Data in this exercise:
_ _ _ _ _
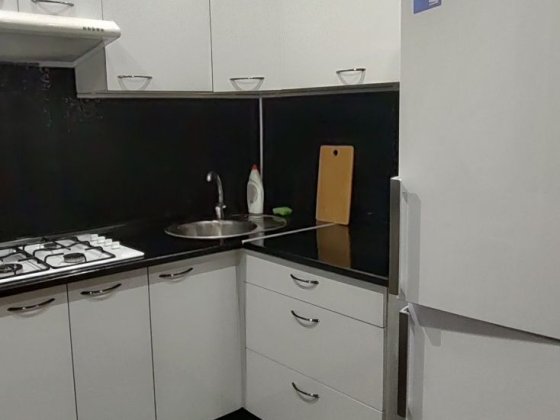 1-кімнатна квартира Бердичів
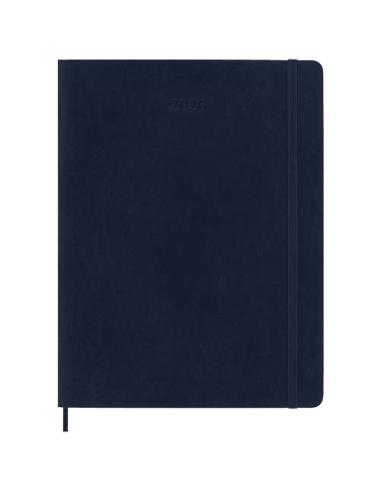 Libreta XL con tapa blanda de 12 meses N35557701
_ _ _ _ _
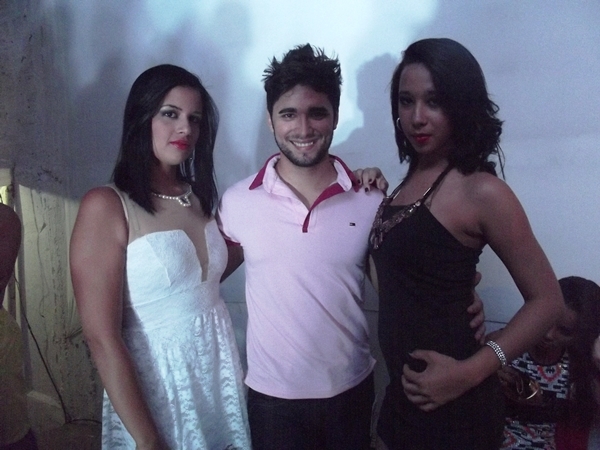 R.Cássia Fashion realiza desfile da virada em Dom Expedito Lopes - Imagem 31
_ _ _ _ _
Problem to solve: Without the pictures, give again exactly the lines above starting at the line containing "1-кімнатна квартира Бердичів" and ending at the line containing "Libreta XL con".

Response area:
 1-кімнатна квартира Бердичів
 Libreta XL con tapa blanda de 12 meses N35557701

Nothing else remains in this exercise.